Variable rate mortgages are typically tied to commercial bank prime rates. Canada’s large banks all raised their prime rates to 6.45 per cent from 5.95 per cent on Wednesday after the Bank of Canada announcement.

While Wednesday’s rate hike will squeeze some homeowners, the bank’s signal that it will stop raising rates soon is good news for the housing market, Royal LePage chief executive Phil Soper said in an interview.

He said plenty of buyers are sitting on the sidelines, not because they can’t afford homes, but because they’re uncertain about the direction of the market. “It’s not a capacity issue. It’s a confidence issue,” he said.

He thinks home prices have slightly farther to fall, and that they will bottom out in the first quarter of 2023 at about 12 per cent below the same quarter last year.

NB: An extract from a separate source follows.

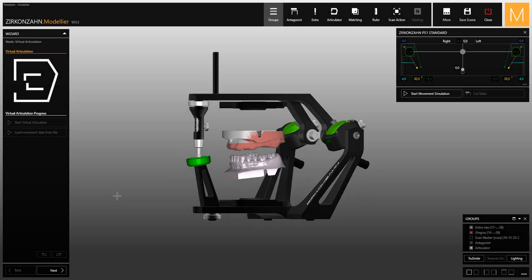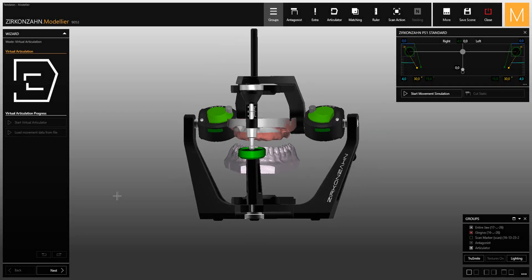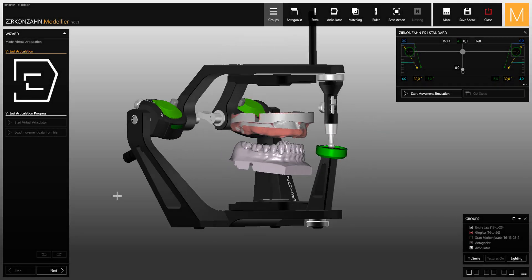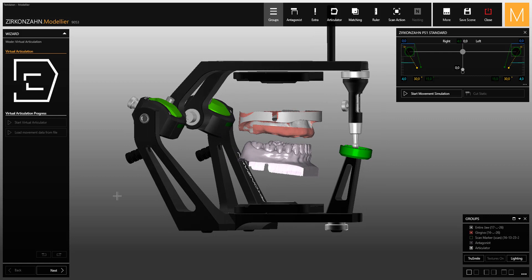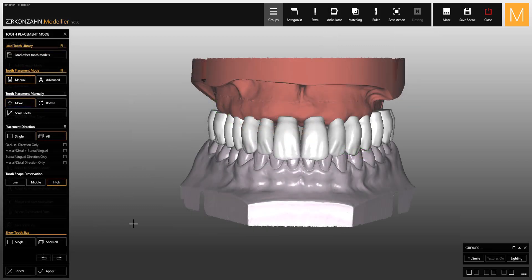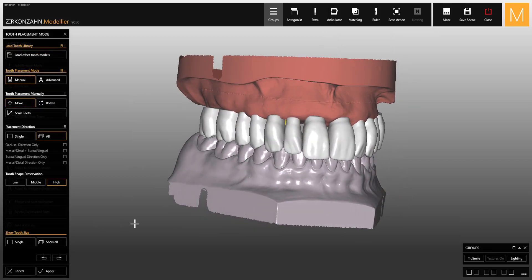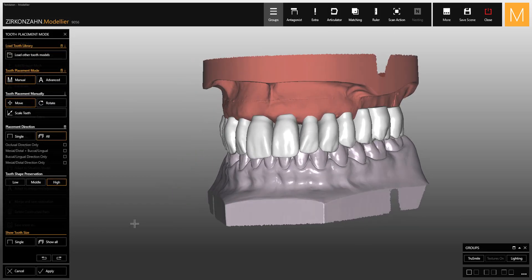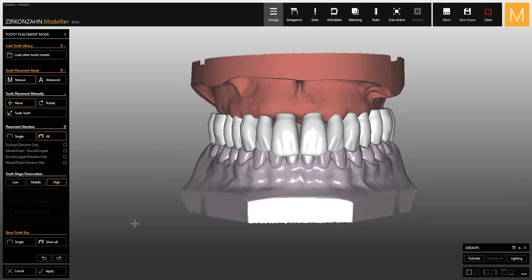This video shows the new Zirconzan articulator window and explains how to use it. If you have already selected the virtual articulator in the archive software, the wizard will display it directly. Otherwise, you can open the virtual articulator manually.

The rate decision drew the ire of opposition politicians during Question Period in Ottawa on Wednesday. Conservative Party Leader Pierre Poilievre called it “another uppercut for Canadians,” and argued that federal spending is fuelling inflation and forcing the bank to tighten rates.

NDP Leader Jagmeet Singh said the rate hike will “mean a lot of pain for Canadian families,” and called on the government to come up with “a way to tackle the inflation that doesn’t create pain for workers.”

Liberal associate finance minister Randy Boissonnault responded that the Bank of Canada is independent from politics. “The bank is doing their job, we’re doing our job,” he said.

Inflation has become a topic of intense political debate over the past year, and politicians on both the left and the right have been critical of the central bank. Mr. Poilievre has said he would fire Mr. Macklem if the Conservatives form government, while Mr. Singh has said the bank’s approach to inflation fighting has “absolutely no merit.”

Josh Nye, senior economist with Royal Bank of Canada, said it’s too early to judge whether or not the bank’s aggressive rate-hike campaign has been a success.

“Whether they have calibrated monetary policy properly to the situation, that’s only going to be apparent in hindsight. I think that will depend on how much economic activity slows in 2023 and how quickly inflation gets back down to the bank’s 2-per-cent target,” he said.